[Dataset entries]

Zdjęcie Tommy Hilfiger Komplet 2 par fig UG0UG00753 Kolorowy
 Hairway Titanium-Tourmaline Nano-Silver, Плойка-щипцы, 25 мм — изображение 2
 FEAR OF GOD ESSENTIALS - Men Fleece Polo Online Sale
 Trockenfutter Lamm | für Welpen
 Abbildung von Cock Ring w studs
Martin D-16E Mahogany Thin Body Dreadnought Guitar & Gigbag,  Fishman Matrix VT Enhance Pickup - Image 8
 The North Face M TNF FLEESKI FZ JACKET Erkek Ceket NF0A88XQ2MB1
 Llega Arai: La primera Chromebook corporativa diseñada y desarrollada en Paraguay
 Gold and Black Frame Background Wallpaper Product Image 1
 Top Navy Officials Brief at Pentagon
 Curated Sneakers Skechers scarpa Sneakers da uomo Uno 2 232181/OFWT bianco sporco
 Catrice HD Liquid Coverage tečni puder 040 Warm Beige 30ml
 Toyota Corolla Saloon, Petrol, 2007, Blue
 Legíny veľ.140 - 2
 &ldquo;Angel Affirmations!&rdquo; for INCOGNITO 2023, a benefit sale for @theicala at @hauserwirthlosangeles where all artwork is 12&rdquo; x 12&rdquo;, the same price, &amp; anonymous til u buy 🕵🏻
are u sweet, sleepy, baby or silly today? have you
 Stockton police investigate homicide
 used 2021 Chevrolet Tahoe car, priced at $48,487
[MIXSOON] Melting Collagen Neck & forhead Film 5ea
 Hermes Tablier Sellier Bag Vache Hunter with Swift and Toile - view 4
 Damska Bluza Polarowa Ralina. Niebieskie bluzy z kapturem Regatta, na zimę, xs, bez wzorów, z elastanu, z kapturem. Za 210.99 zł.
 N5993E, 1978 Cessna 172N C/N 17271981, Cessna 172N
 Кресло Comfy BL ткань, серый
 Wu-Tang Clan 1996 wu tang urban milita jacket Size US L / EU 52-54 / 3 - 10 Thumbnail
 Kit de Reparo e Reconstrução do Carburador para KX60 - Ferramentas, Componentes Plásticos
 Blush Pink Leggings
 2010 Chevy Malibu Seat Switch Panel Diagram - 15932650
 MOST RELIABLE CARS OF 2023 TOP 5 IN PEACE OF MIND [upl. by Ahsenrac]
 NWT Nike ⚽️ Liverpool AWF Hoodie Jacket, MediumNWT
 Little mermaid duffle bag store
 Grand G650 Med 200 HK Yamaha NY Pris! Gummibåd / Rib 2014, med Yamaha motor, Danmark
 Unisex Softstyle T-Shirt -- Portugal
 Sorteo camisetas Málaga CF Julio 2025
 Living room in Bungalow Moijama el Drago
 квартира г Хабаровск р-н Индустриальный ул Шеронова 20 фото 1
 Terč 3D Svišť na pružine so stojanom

## THE TASK
The response should consist of the entries, retyped exactly and in full.

## RESPONSE
Zdjęcie Tommy Hilfiger Komplet 2 par fig UG0UG00753 Kolorowy
 Hairway Titanium-Tourmaline Nano-Silver, Плойка-щипцы, 25 мм — изображение 2
 FEAR OF GOD ESSENTIALS - Men Fleece Polo Online Sale
 Trockenfutter Lamm | für Welpen
 Abbildung von Cock Ring w studs
Martin D-16E Mahogany Thin Body Dreadnought Guitar & Gigbag,  Fishman Matrix VT Enhance Pickup - Image 8
 The North Face M TNF FLEESKI FZ JACKET Erkek Ceket NF0A88XQ2MB1
 Llega Arai: La primera Chromebook corporativa diseñada y desarrollada en Paraguay
 Gold and Black Frame Background Wallpaper Product Image 1
 Top Navy Officials Brief at Pentagon
 Curated Sneakers Skechers scarpa Sneakers da uomo Uno 2 232181/OFWT bianco sporco
 Catrice HD Liquid Coverage tečni puder 040 Warm Beige 30ml
 Toyota Corolla Saloon, Petrol, 2007, Blue
 Legíny veľ.140 - 2
 &ldquo;Angel Affirmations!&rdquo; for INCOGNITO 2023, a benefit sale for @theicala at @hauserwirthlosangeles where all artwork is 12&rdquo; x 12&rdquo;, the same price, &amp; anonymous til u buy 🕵🏻
are u sweet, sleepy, baby or silly today? have you
 Stockton police investigate homicide
 used 2021 Chevrolet Tahoe car, priced at $48,487
[MIXSOON] Melting Collagen Neck & forhead Film 5ea
 Hermes Tablier Sellier Bag Vache Hunter with Swift and Toile - view 4
 Damska Bluza Polarowa Ralina. Niebieskie bluzy z kapturem Regatta, na zimę, xs, bez wzorów, z elastanu, z kapturem. Za 210.99 zł.
 N5993E, 1978 Cessna 172N C/N 17271981, Cessna 172N
 Кресло Comfy BL ткань, серый
 Wu-Tang Clan 1996 wu tang urban milita jacket Size US L / EU 52-54 / 3 - 10 Thumbnail
 Kit de Reparo e Reconstrução do Carburador para KX60 - Ferramentas, Componentes Plásticos
 Blush Pink Leggings
 2010 Chevy Malibu Seat Switch Panel Diagram - 15932650
 MOST RELIABLE CARS OF 2023 TOP 5 IN PEACE OF MIND [upl. by Ahsenrac]
 NWT Nike ⚽️ Liverpool AWF Hoodie Jacket, MediumNWT
 Little mermaid duffle bag store
 Grand G650 Med 200 HK Yamaha NY Pris! Gummibåd / Rib 2014, med Yamaha motor, Danmark
 Unisex Softstyle T-Shirt -- Portugal
 Sorteo camisetas Málaga CF Julio 2025
 Living room in Bungalow Moijama el Drago
 квартира г Хабаровск р-н Индустриальный ул Шеронова 20 фото 1
 Terč 3D Svišť na pružine so stojanom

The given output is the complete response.